Records from a data source:
=======

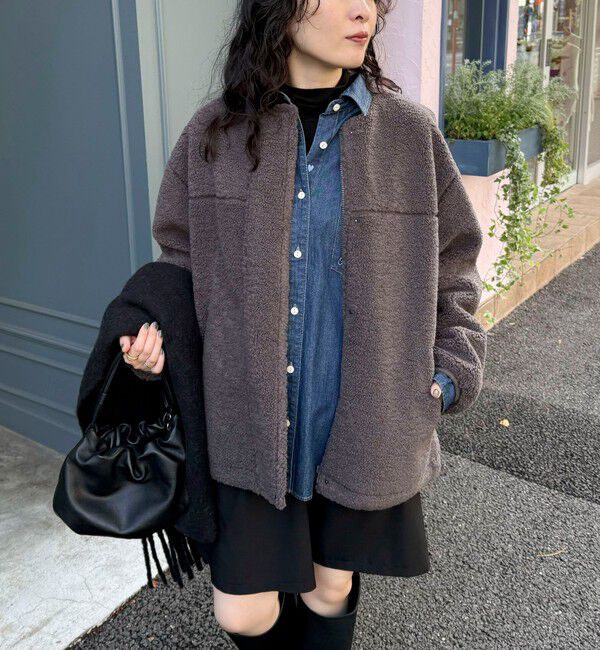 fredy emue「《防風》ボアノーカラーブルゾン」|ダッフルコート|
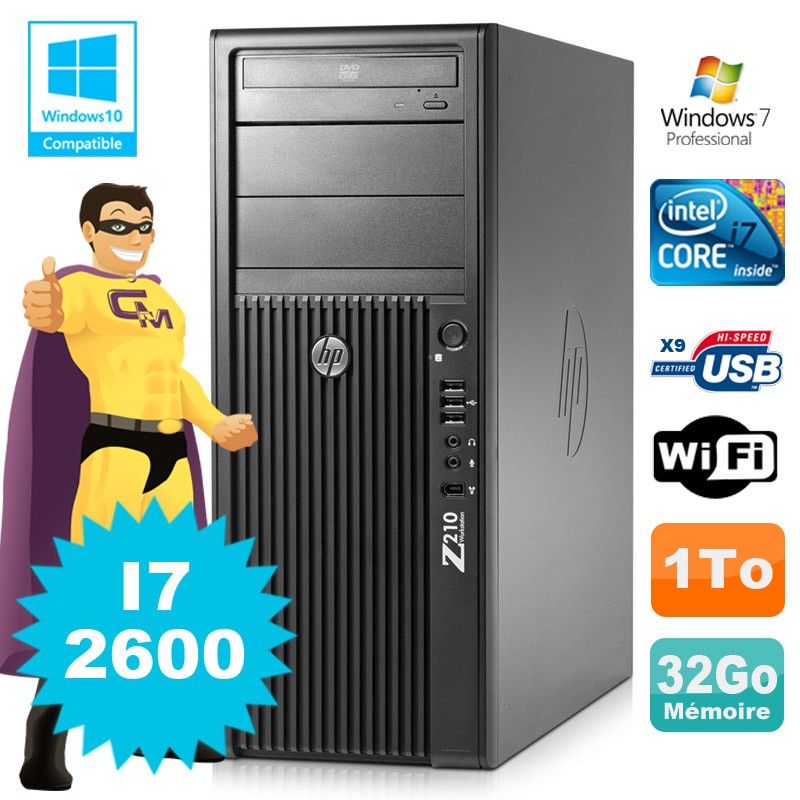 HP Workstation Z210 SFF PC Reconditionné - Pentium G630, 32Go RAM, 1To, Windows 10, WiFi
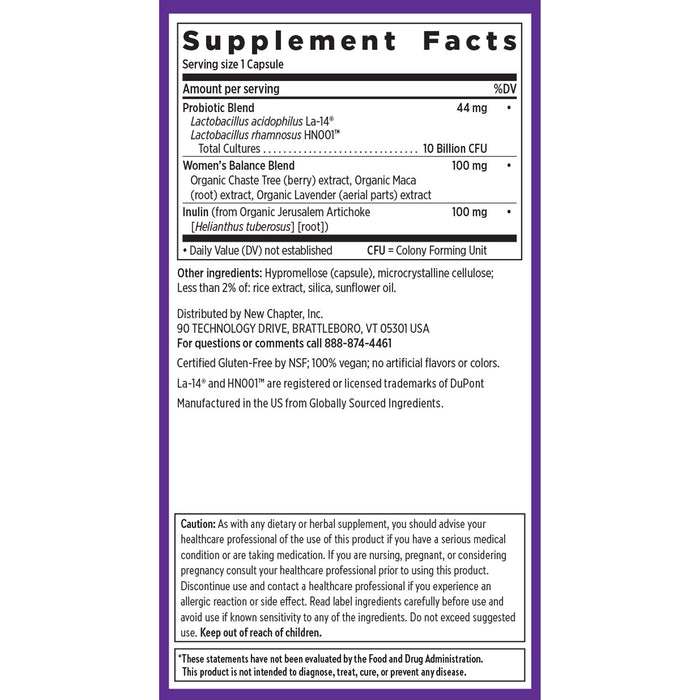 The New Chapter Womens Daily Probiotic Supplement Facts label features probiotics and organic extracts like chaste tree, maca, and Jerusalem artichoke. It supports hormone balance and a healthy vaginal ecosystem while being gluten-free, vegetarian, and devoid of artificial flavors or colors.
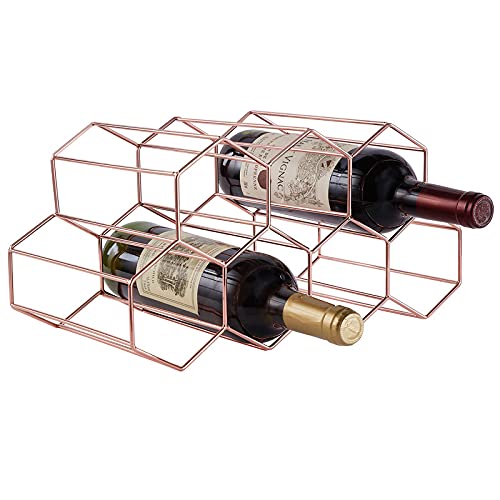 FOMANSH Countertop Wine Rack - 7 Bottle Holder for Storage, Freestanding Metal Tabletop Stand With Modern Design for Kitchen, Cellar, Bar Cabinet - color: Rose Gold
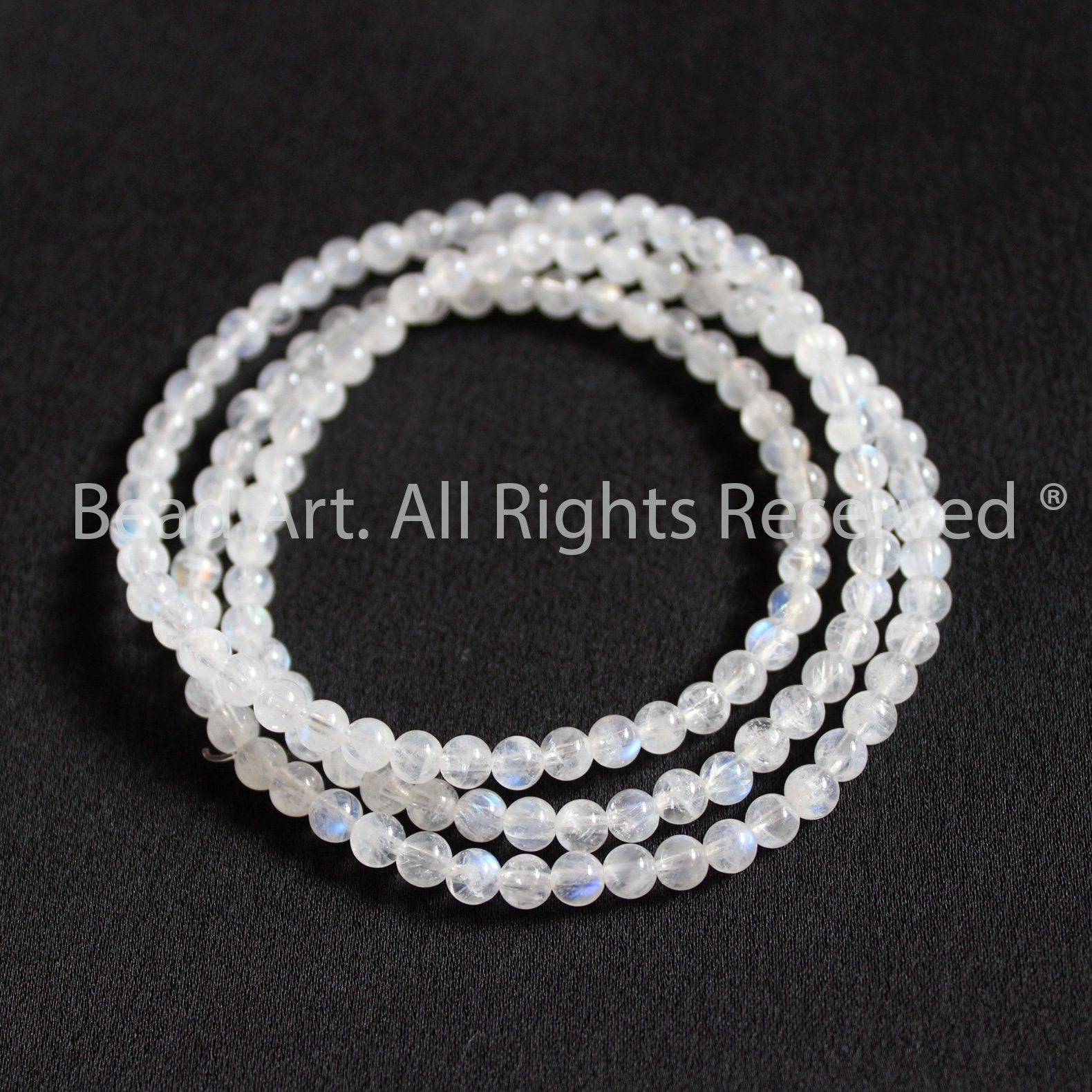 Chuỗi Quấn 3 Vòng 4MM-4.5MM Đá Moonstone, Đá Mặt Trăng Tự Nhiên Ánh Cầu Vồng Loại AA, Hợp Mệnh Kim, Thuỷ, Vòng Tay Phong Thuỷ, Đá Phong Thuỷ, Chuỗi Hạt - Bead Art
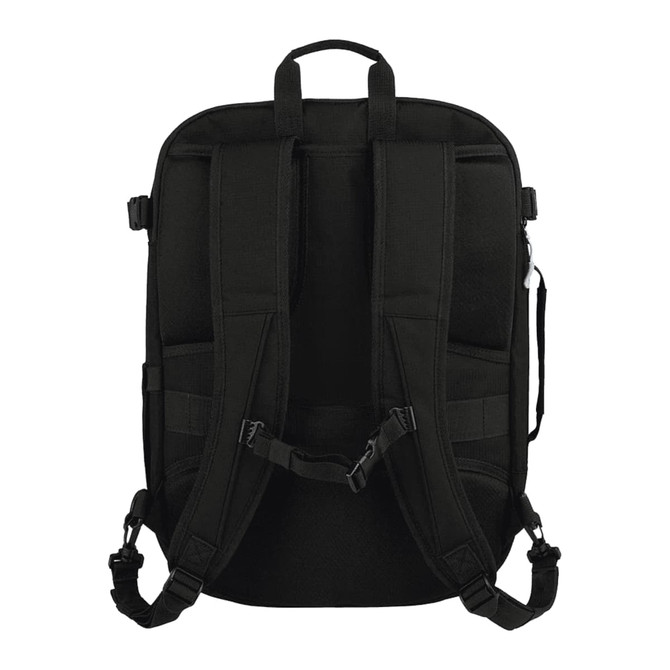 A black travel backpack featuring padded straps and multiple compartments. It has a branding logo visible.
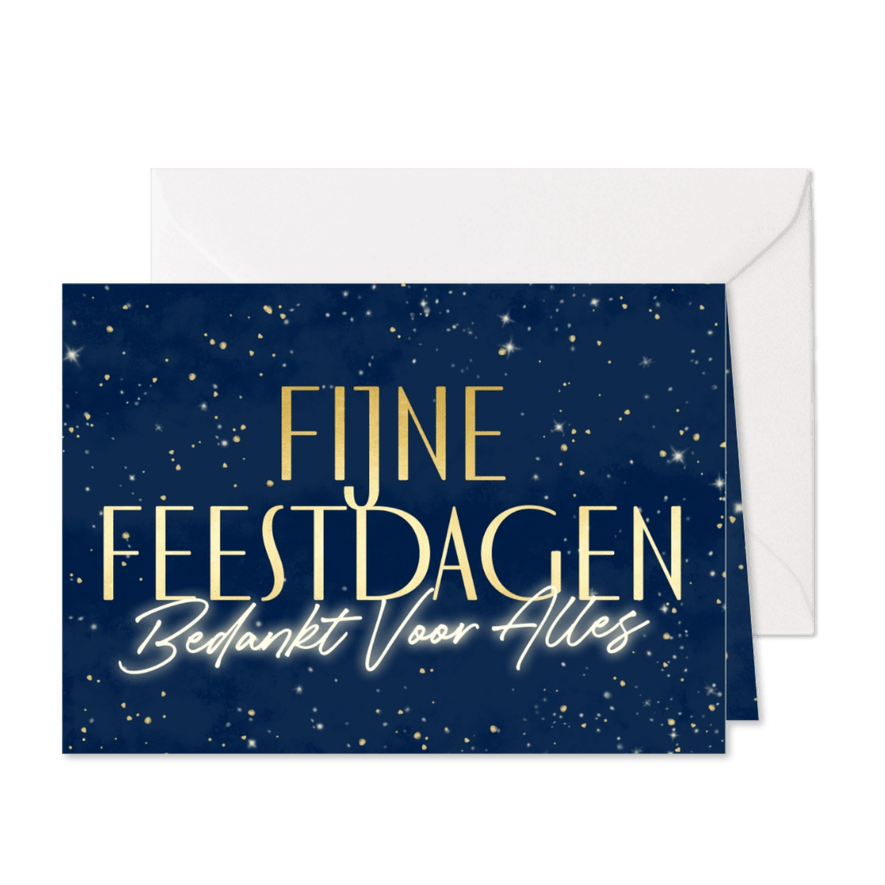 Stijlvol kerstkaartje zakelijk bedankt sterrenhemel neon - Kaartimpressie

=======

## Instructions for the task
When repeating the entries, leave out every picture and keep the rest exact.

## Answer section
 fredy emue「《防風》ボアノーカラーブルゾン」|ダッフルコート|
 HP Workstation Z210 SFF PC Reconditionné - Pentium G630, 32Go RAM, 1To, Windows 10, WiFi
 The New Chapter Womens Daily Probiotic Supplement Facts label features probiotics and organic extracts like chaste tree, maca, and Jerusalem artichoke. It supports hormone balance and a healthy vaginal ecosystem while being gluten-free, vegetarian, and devoid of artificial flavors or colors.
 FOMANSH Countertop Wine Rack - 7 Bottle Holder for Storage, Freestanding Metal Tabletop Stand With Modern Design for Kitchen, Cellar, Bar Cabinet - color: Rose Gold
 Chuỗi Quấn 3 Vòng 4MM-4.5MM Đá Moonstone, Đá Mặt Trăng Tự Nhiên Ánh Cầu Vồng Loại AA, Hợp Mệnh Kim, Thuỷ, Vòng Tay Phong Thuỷ, Đá Phong Thuỷ, Chuỗi Hạt - Bead Art
 A black travel backpack featuring padded straps and multiple compartments. It has a branding logo visible.
 Stijlvol kerstkaartje zakelijk bedankt sterrenhemel neon - Kaartimpressie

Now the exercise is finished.